What the task requires. Once the line containing "NWT SO Vintage" is found in the entries below, reproduce it and every line after it, stopping at and including the line containing "rõ nguồn gốc"; reproduce nothing else, and keep each line exact.

Entries supplied.
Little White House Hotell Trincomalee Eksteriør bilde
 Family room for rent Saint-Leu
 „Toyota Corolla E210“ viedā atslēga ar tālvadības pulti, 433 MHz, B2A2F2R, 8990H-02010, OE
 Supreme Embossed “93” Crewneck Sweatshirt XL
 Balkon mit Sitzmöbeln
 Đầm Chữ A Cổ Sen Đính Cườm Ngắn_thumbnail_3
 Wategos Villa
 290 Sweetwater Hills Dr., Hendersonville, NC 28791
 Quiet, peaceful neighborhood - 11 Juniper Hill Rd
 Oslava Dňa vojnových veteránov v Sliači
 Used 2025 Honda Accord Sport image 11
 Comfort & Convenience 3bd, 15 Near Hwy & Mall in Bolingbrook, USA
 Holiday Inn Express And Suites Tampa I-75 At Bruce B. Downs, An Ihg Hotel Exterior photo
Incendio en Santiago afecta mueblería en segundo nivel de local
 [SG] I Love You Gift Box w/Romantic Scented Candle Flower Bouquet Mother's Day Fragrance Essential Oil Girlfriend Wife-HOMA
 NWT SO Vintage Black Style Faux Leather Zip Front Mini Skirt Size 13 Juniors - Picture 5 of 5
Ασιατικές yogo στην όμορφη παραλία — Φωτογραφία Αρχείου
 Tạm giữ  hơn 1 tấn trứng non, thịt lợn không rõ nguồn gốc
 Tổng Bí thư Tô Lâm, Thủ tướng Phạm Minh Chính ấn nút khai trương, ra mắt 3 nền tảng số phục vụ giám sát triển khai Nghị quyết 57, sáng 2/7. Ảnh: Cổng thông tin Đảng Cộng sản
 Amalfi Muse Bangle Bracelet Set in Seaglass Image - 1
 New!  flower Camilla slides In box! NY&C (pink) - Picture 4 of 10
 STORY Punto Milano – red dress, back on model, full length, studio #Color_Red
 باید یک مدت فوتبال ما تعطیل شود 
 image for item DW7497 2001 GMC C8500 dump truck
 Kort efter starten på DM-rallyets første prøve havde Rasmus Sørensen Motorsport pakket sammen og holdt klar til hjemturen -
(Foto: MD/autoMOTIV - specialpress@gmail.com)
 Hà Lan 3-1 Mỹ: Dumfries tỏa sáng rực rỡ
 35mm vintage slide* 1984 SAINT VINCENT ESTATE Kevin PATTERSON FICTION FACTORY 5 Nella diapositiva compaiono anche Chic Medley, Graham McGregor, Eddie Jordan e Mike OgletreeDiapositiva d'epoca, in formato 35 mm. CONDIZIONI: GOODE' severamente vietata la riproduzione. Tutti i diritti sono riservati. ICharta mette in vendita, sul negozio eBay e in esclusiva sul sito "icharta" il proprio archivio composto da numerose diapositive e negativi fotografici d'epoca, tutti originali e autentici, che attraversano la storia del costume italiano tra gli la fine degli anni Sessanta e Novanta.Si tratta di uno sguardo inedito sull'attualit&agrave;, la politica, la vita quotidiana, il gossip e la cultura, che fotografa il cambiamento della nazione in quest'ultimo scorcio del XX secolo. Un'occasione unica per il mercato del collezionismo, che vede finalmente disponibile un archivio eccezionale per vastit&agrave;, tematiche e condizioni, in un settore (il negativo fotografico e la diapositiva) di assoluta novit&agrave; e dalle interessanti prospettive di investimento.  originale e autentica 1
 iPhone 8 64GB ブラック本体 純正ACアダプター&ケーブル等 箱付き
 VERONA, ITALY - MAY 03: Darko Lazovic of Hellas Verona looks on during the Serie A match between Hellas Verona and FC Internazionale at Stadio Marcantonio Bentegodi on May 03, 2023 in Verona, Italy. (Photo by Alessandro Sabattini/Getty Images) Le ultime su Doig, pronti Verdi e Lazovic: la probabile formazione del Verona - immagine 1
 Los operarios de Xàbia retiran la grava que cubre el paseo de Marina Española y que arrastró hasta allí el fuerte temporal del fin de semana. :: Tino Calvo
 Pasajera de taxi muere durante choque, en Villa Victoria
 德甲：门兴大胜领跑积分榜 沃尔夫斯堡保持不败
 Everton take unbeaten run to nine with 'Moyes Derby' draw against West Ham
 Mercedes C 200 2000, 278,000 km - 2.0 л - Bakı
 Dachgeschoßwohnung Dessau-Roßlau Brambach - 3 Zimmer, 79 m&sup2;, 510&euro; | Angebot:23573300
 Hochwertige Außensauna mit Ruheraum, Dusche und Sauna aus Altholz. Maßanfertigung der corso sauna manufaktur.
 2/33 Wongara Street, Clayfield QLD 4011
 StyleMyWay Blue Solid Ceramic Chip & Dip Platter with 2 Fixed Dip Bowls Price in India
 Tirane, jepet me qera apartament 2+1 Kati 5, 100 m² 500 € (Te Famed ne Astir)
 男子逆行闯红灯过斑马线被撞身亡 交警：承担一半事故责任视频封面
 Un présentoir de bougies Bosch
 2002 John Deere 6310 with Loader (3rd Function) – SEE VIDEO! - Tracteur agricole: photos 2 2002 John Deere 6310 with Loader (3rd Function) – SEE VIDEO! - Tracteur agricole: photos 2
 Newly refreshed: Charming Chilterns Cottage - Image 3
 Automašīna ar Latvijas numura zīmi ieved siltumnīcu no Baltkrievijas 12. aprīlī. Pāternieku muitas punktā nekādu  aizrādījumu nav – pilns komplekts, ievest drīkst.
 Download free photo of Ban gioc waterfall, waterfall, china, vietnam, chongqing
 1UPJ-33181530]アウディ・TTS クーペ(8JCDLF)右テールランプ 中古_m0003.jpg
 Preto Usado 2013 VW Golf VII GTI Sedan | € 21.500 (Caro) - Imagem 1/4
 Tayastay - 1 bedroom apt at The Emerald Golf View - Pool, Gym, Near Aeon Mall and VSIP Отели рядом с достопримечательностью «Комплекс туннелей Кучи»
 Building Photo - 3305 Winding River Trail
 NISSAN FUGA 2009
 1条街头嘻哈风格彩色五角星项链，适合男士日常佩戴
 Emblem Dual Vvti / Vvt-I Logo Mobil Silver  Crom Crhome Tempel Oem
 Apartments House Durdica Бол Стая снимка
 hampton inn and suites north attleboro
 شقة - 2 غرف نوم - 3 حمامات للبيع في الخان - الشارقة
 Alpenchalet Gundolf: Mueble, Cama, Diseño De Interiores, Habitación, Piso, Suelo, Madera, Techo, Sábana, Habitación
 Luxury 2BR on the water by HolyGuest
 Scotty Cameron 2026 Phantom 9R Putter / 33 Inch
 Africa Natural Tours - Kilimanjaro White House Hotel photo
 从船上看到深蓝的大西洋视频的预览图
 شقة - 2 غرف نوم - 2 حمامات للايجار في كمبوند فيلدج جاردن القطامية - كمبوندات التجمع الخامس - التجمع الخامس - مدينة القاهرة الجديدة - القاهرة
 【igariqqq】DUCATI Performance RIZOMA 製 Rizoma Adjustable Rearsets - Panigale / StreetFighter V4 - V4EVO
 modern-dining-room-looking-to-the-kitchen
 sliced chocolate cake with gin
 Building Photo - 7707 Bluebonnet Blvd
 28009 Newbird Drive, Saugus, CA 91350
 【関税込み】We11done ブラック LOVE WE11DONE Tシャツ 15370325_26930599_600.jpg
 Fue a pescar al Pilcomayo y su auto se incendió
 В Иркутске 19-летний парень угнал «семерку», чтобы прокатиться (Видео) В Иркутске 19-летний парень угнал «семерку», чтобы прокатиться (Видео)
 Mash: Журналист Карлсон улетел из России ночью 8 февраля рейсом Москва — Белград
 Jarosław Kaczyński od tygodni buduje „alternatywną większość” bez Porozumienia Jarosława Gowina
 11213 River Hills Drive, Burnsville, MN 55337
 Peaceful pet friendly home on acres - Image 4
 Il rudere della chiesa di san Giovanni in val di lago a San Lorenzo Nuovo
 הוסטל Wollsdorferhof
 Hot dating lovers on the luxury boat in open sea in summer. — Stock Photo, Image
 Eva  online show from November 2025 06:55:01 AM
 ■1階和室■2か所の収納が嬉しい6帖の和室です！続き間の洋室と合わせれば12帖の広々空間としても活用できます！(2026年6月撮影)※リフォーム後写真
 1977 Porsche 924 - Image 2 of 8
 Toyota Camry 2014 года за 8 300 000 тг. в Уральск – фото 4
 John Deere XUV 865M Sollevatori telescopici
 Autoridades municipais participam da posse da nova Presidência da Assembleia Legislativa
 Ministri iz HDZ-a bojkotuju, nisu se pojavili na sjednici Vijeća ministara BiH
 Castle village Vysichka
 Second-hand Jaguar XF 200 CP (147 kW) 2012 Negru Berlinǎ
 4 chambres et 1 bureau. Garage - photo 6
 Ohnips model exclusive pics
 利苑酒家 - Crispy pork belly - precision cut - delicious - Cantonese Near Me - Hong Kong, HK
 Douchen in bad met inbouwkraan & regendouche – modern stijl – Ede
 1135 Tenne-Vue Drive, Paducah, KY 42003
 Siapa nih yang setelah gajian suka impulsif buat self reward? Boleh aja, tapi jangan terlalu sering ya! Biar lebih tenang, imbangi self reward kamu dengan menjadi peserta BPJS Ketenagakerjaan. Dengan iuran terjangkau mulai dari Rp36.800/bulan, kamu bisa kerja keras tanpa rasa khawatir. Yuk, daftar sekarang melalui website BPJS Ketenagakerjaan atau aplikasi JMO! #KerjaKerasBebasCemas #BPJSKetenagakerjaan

Response to the task.
 NWT SO Vintage Black Style Faux Leather Zip Front Mini Skirt Size 13 Juniors - Picture 5 of 5
Ασιατικές yogo στην όμορφη παραλία — Φωτογραφία Αρχείου
 Tạm giữ  hơn 1 tấn trứng non, thịt lợn không rõ nguồn gốc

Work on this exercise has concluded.